Well chaps, I have left this for some time just to see what calculations or guesses were put forwards. No responses so far so perhaps no one really cares. Let me go through the calculation and then some of you can check to see if my two remaining neurones are still working.
Start with a figure of one G is 32 feet/sec/sec (that is per second squared). Having measured many Vincent cams up over the years a typical figure for the maximum positive acceleration, which occurs at the start and end of the lift, is 0.0005 inches/camshaft degree/camshaft degree. Incidentally, the maximum negative acceleration which is when the valve spring is controlling the valve motion should be about -0.0002 inches/camshaft degree/camshaft degree but because of the nature of the flat based lever cam follower on Vins this figure is exceeded on all Vincent cams. Now at 6,000 engine rpm the cam is going at 3,000rpm so the question is how much time is taken for the cam to turn one degree. 3,000 rpm equals 50 revs/second, divided by 360 to give the time for one degree of camshaft rotation gives 1/50X360 of one second. However, note that we are here into degree/second square or per seconds squared so the above figure has to be multiplied by itself for us to work out the 'G's. So we now have a figure of 1/(50x360x50x360) which for those who care gives a figure of 1/32,4000,000. Multiply the value of 0.0005 inches given above for the maximum positive acceleration and we get 13,5000 ft/sec/sec which is about 422 G !! Go on, admit it, you knew that anyway didn't you? Calculating the reciprocating mass of a valve train is somewhat tricky as one has the valve, collar and spring cap and push rod reciprocating, the cam follower and rocker oscillating but a figure of about one pound weight will do for this purpose. Therefore at 6,000 engine rpm one has the cam and follower etc thinking that it is moving about 422 pounds weight. Note that there is a 'squared' in this so that at 1,000 rpm one has to divide this figure by 36 to give about 12 pounds weight.

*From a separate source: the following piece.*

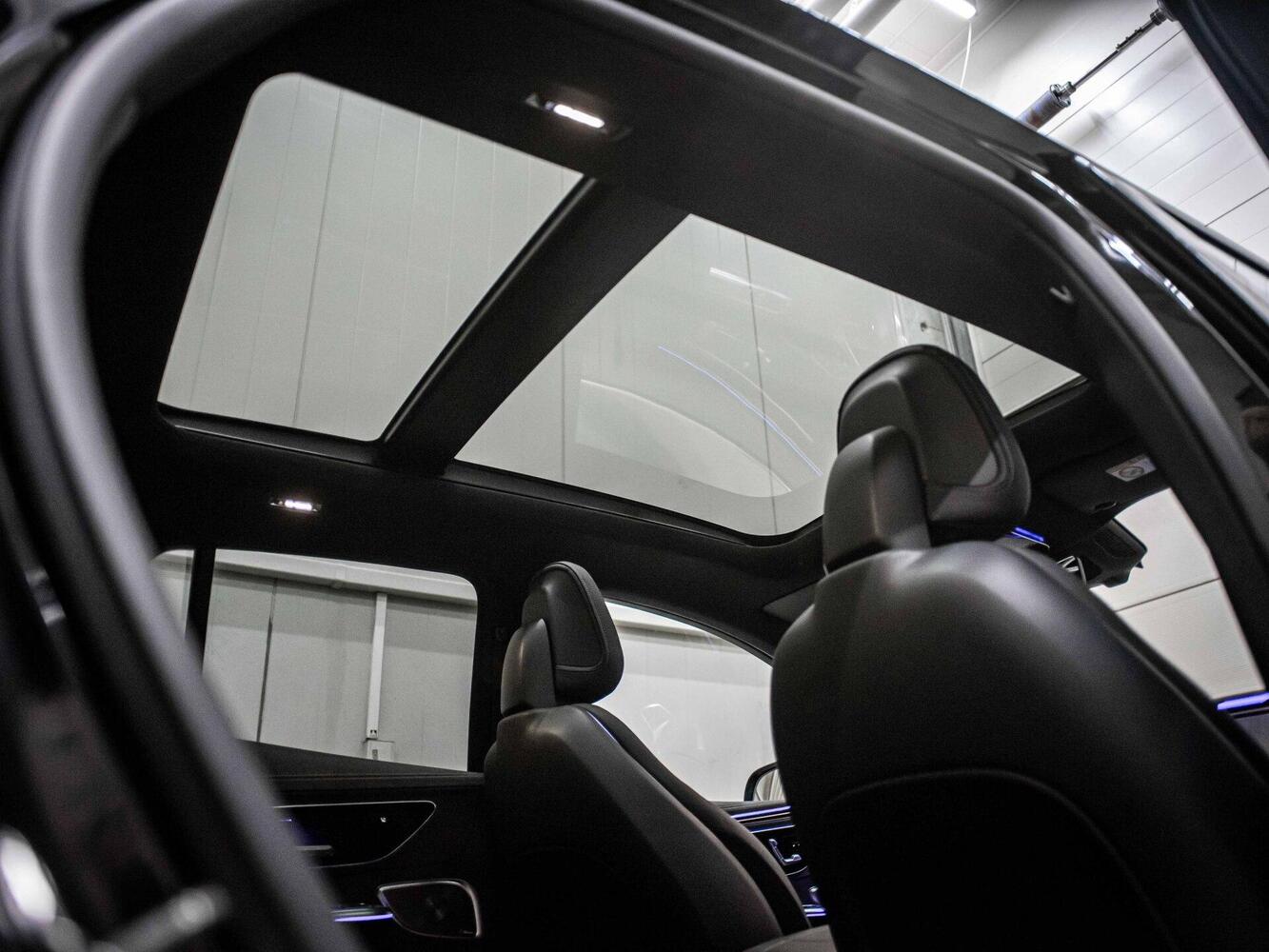 Mercedes-Benz EQE vaihtoauto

Going back to the negative acceleration controlled by the valve spring and using a figure of -0.0002 inches/camshaft degree/camshaft degree we get a 'G' figure of about 169 pounds weight. Now you know why your valve springs are as strong as they are.
So now going back to the advice to rev the engine upon start up. Turn the engine over as slowly as you want and there are certain forces on everything. Rev the engine and you still have all those forces plus the inertial loading due to the 'G' forces caused by the acceleration of all the valve train components. Do you still think that it is a good idea to rev an engine from cold?

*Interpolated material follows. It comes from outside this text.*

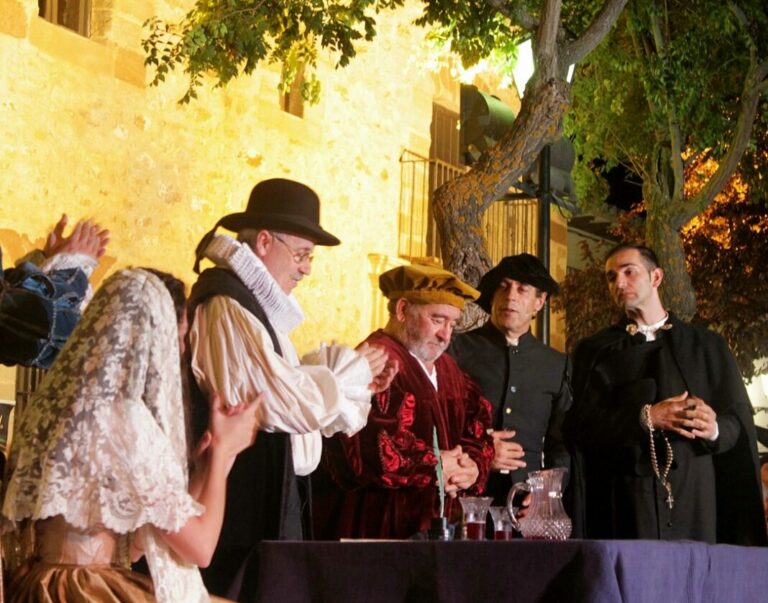 La localidad de Fuenllana volverá a convertirse en el escenario cervantino con sus tradicionales Bodas de Camacho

Now with regards to starting a new engine and anti scuff compounds. Everything above pertains to used engines being started after sitting for a day or a year or whatever. It is true that there are a variety of products made to aid the start up on new engines without too much wear on the highly stresses components like cams and follower. Some of these are intended to be 'stuck' to the components by baking or whatever. Putting on a grease ,unless it can give a molecular bond, is unlikely to be adequate. Using the above figure of about 400 pounds weight for the inertial equivalent of the valve gear consider that the whole of this movement it being produced by the movement of the cam follower around the cam. Let us take an area of half and inch wide by one thou thick as the pressure point between the cam and follower. That is a total area of 0.0005 square inch. This gives a resultant pressure of 2,000 times 400 i.e. 800,000 pounds weight/square inch. Eye watering isn't it.
Now let me know what I have done wrong.